# Back-up Cam - Reverse lights only getting 9 volts



## dougfalk (Apr 14, 2009)

I've got everything wired up and my camera requires 12 volts or it won't work. When i test the voltage for my reverse lights (car on, in reverse, trunk closed) i'm only receiving 9 volts. Has anyone come across this problem? 
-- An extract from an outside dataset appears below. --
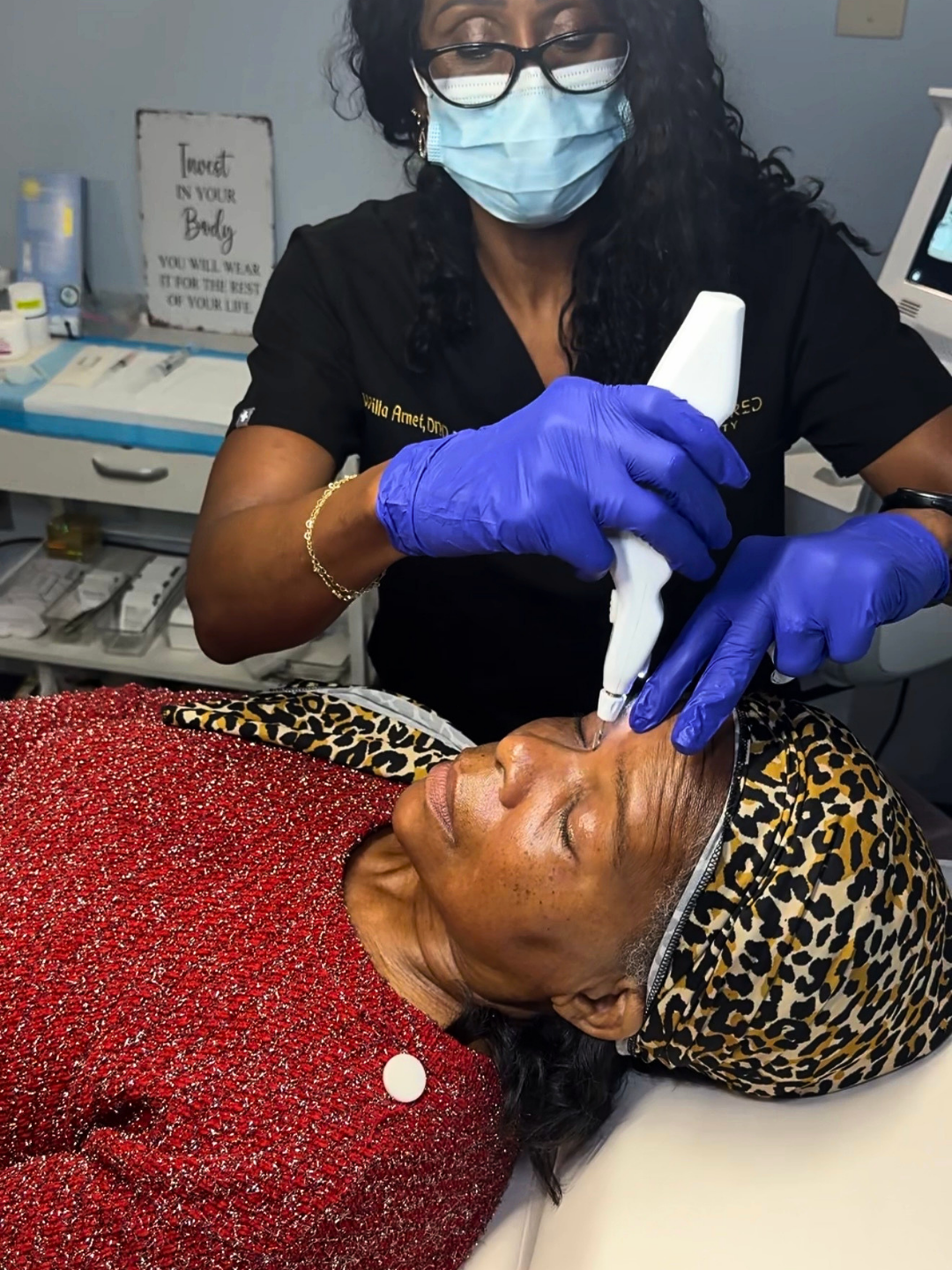 A professional uses a medical device on a person’s forehead in a clinic setting.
The camera i am installing. 
http://www.ebay.com/itm/CCD-Reverse...t=Car_Audio_Video&hash=item3a683c7e64&vxp=mtr


----------



## DarthBajan (Oct 22, 2008)

dougfalk said:


> I've got everything wired up and my camera requires 12 volts or it won't work. When i test the voltage for my reverse lights (car on, in reverse, trunk closed) i'm only receiving 9 volts. Has anyone come across this problem?
> 
> The camera i am installing.
> http://www.ebay.com/itm/CCD-Reverse...t=Car_Audio_Video&hash=item3a683c7e64&vxp=mtr


 Wire it to the trunk light. That's what I did when I had one in my B6. You might also need an engine noise suppressor if there are lines on your video image once you're all done.


----------



## MTJ061289 (Feb 12, 2012)

hmm, now that is clever. i had wanted the one that fits in the trunk handle, but this is surprisingly enticing giving the price. Be sure to give us something of a review when you get it all in and working!


----------



## dougfalk (Apr 14, 2009)

To be honest, this is my second one. I had the same problem the first time i installed it but i ended up hooking it up to something that always had power and i'm guessing i burnt out the camera. 
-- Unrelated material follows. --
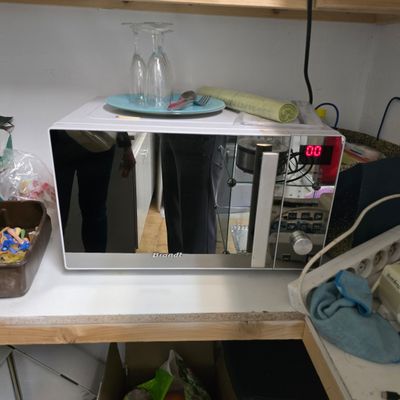 a microwave that is sitting on a shelf in the kitchen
The truck light only comes on when the trunk lid is opened tho. are we talking about the same light? ride side along the back of the trunk? I've alos already put the bumper back on. I could take it off/run and extension. I'll have to test to see the voltage on that trunk light. 
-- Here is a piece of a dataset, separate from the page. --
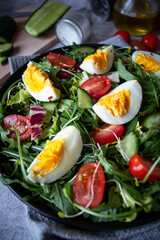 Salad with egg, arugula, tomatoes. On a concrete background. Vegetarian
As for the review of the camera, i really like it. Only problem is it burnt out because it was ON all the time. Downside with this camera has got to be the wiring for the power of the camera. These wires are thin. Hard to strip without losing copper strands.


----------



## MTJ061289 (Feb 12, 2012)

im surprised that the rear light is only getting 9v... im curious if perhaps theres a difference with the car being running and not? 


my led reverse lights will come on momentarily and the shut off when in reverse but not running (occasionally) but when running i never have a problem. may i suggest checking the voltage with the car running, having someone holding the clutch in for you? 

let me know if it helps


----------



## MTJ061289 (Feb 12, 2012)

i just noticed you did say car on, you did mean running correct?


----------



## dougfalk (Apr 14, 2009)

Ya I meant running. Without it running its down around 3 volts.


----------



## MTJ061289 (Feb 12, 2012)

well that is a pickle isnt it. 
im just thinking out loud here; but what about running power from the fuse box, tap the power from the back up lights to run a relay? car in reverse, relay in action and powers up the back up camera?


----------



## dougfalk (Apr 14, 2009)

Sounds like a lot of work to be honest. More than I should have to be putting in here. I got two other options. Run my power to the right side and tap the cigarette lighter or tap BOTH sets of reverse lights. But that's not really all that smart. 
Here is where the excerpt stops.